14/02/2016 02h00
Clovis Rossi
Uganda não é aqui. Que pena
Uganda ocupa o 163º lugar entre os 188 países listados no ranking de Desenvolvimento Humano das Nações Unidas.
Ainda assim, tem lições a ensinar a um Brasil teoricamente mais desenvolvido (é o 73º), ao menos no que se refere ao vírus da zika, a mais recente das incontáveis tragédias que açoitam o país.
Para começar, foi precisamente em Uganda que primeiro se detectou o vírus (no sangue de macacos), no já remotíssimo ano de 1947.
Trabalho do Uvri (Instituto de Uganda de Pesquisa de Vírus).
Para comparação: o Uvri foi criado (em 1936, com nome diferente) com financiamento da Fundação Rockefeller, ao passo que os institutos similares no Brasil dependem de verbas oficiais, que são sempre escassas, mesmo em épocas de bonança. Imagine agora.
Segunda comparação: vale para o Brasil a descrição que faz de Uganda Julius Lutwama, principal pesquisador do instituto ugandense, para a "Foreign Policy":
"Temos ampla flora, ampla fauna e, claro, boa temperatura, bom clima. E o que é bom para humanos é bom também para vírus." No entanto, não houve em Uganda, como não há agora, um surto nem sequer parecido de zika.
Há duas explicações para isso: primeiro, o fato de que, sempre segundo Lutwama, "a zika sempre foi uma afecção benigna. De cada cinco ou dez pessoas infectadas, apenas uma ou duas apresentam um pouco de febre".
A segunda explicação é que serve de exemplo para o Brasil: "Eles [o Uvri] estão sempre monitorando as condições, de forma que não ocorra um surto para o qual eles não estejam prevenidos", disse à "Foreign Policy" Martha Kaddumukasa, entomologista da Makerere University, que já foi pesquisadora do Uvri.
De fato, relata a revista, o instituto ugandense coleta e monitora parasitas e amostras de sangue de pacientes de todo o país, em busca de atividades virais inusuais.
Também mapeia padrões de doença, tanto em pessoas como em animais, para alertar os trabalhadores da saúde para doenças fora dos padrões e para o que fazer quando elas aparecem.
Esse trabalho preventivo –virtualmente inexistente no Brasil– explica, por exemplo, a relativa imunidade de Uganda ao recente surto de outro vírus, o ebola. Em Uganda, os mortos foram 21, enquanto na África Ocidental morreram mais de 11 mil.
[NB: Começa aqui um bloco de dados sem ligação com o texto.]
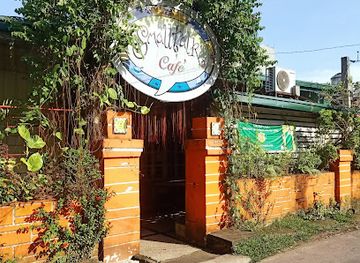 philippines/legazpi/old-albay-district/restaurant/small-talk-cafe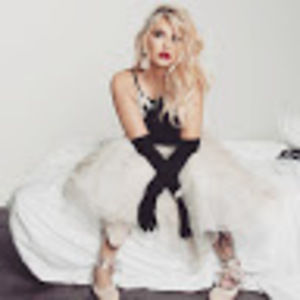 Meet your Posher, Rena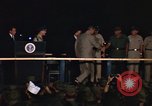 Immagine di Lyndon Baines Johnson alla base di Korat Della Thailandia, 1967, secondo 41 filmato di repertorio 65675070629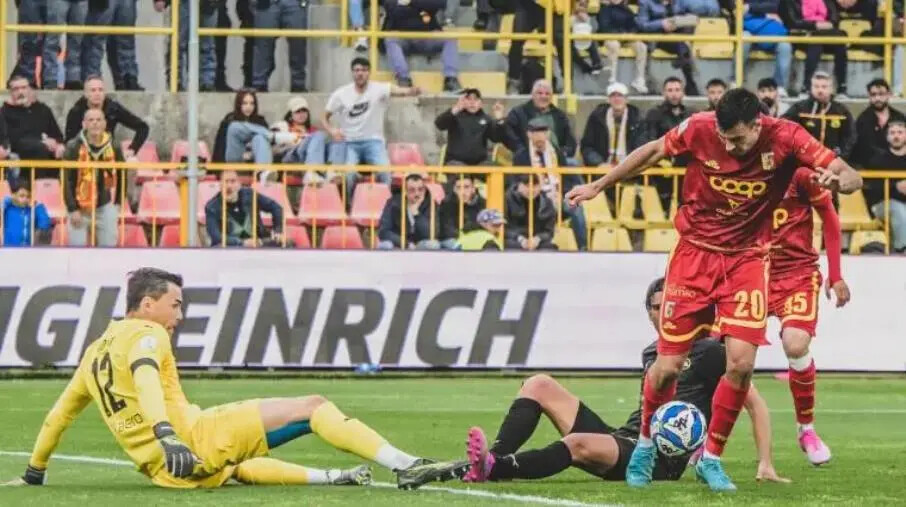 images Il corsivo giallorosso. Preso lo "schiaffo" dal Palermo le Aquile con un salto d'orgoglio tornino a volare alto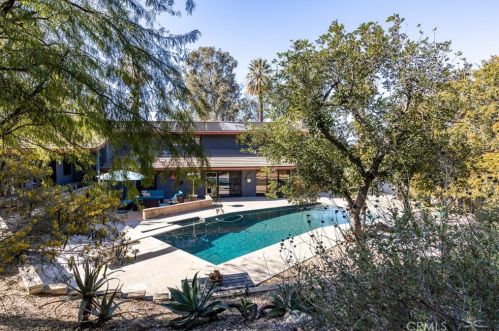 1672 Smiley Heights Dr, Redlands CA  92373-6533 exterior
Atenção, não estou dizendo que Uganda é um modelo de saúde pública a ser seguido por todo o mundo subdesenvolvido ou em desenvolvimento. Se fosse, não estaria 90 posições atrás do horrível Brasil.
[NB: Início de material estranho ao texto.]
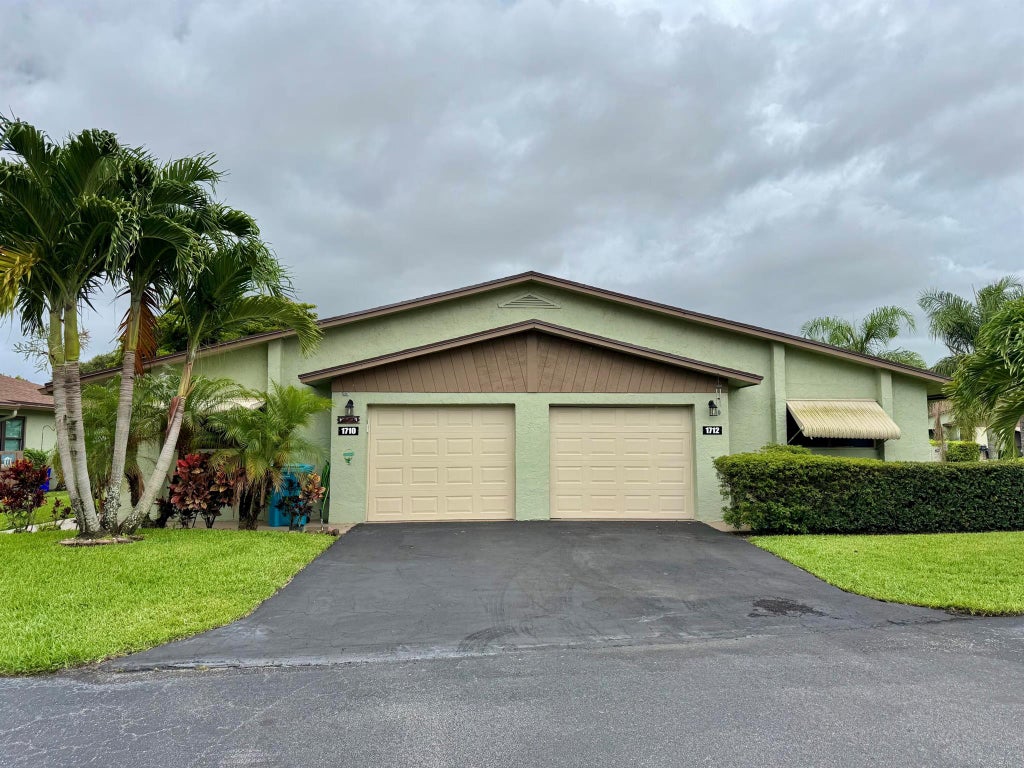 Photo of 1710 Palmland Drive, Boynton Beach, FL 33436 (MLS # R11095962)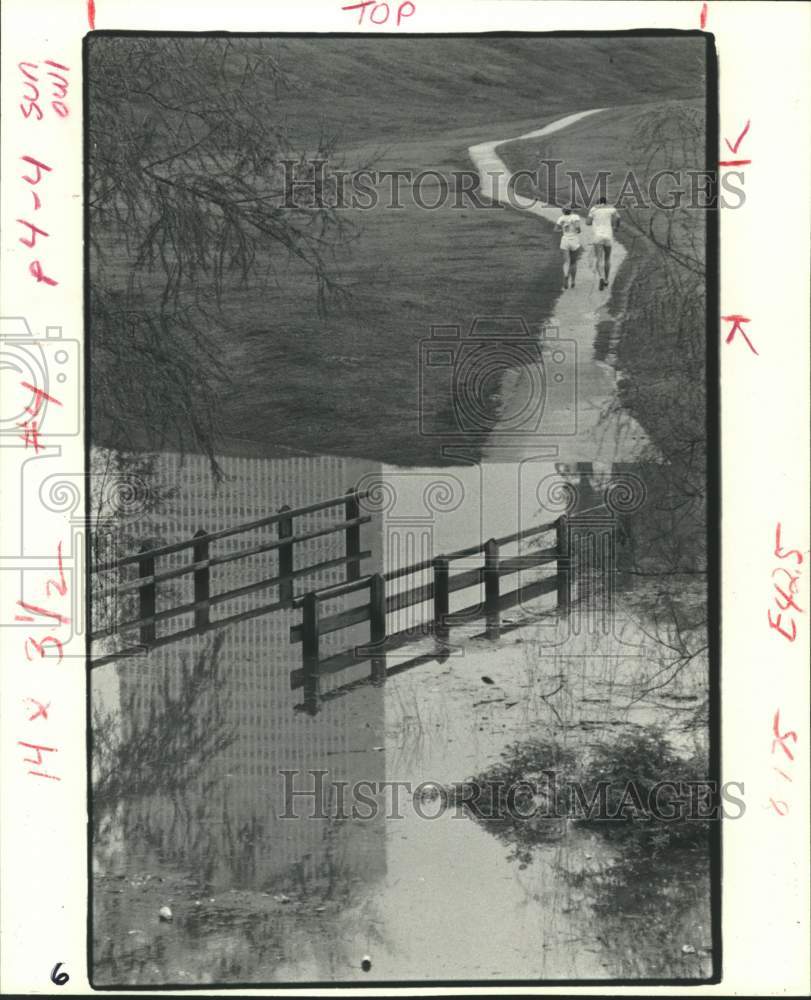 1979 Press Photo Houston joggers find flooded footbridge on trail over bayou - Historic Images
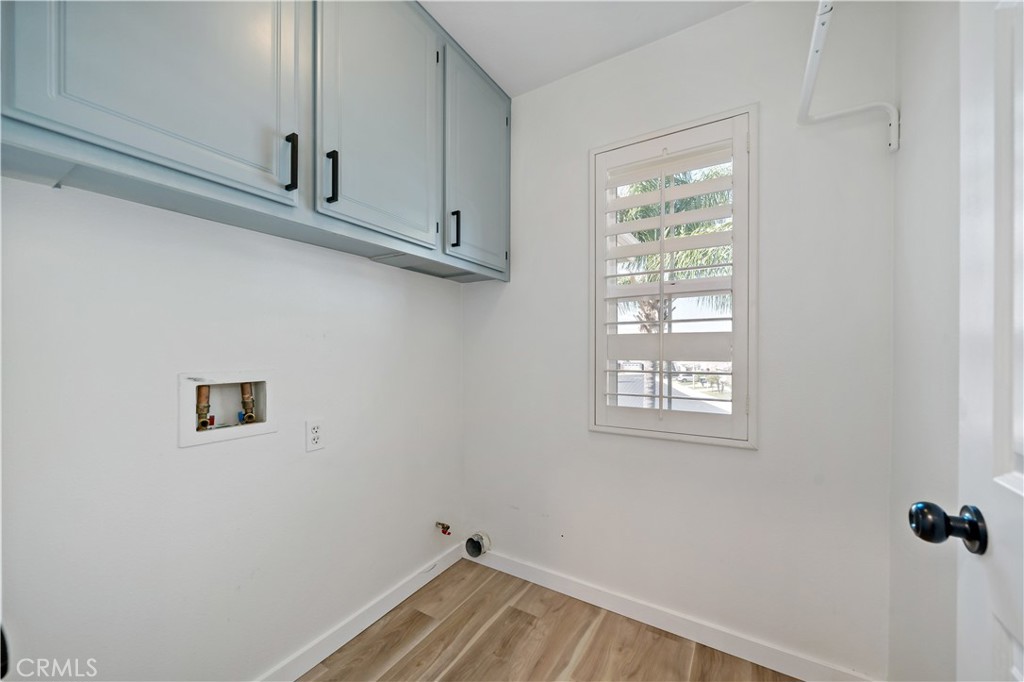 33307 Decada Street Temecula, CA 92592 - Photo 29 of 35 a view of a kitchen that has a window in it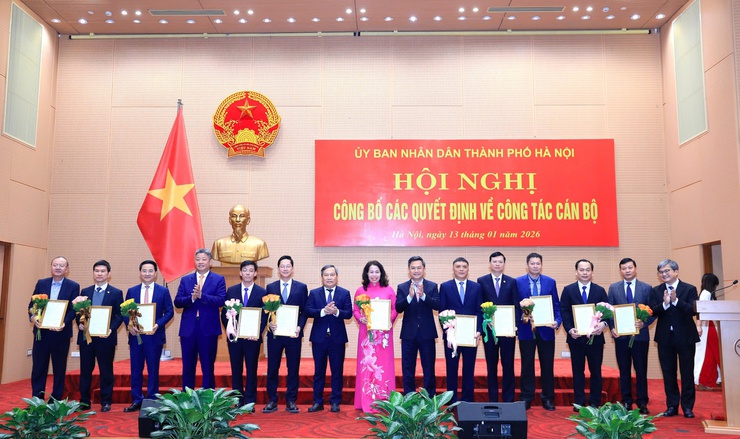 Hà Nội kiện toàn đồng loạt cán bộ chủ chốt, siết kỷ cương điều hành, tạo đà bứt phá năm 2026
O que estou dizendo é que, mesmo em condições precárias, é possível ter boas práticas para minimizar os efeitos de surtos que surpreendem as autoridades, como está ocorrendo agora com a zika.
O problema é que se trata de uma doença majoritariamente de pobres. Escreve Clare Wenham, pesquisadora de Políticas Globais de Saúde na London School of Economics: "Zika é uma doença da pobreza, assim como outras doenças tropicais negligenciadas, como chikungunya e dengue".
Pena que até a pobre Uganda dê mais atenção aos males de seus pobres que o Brasil.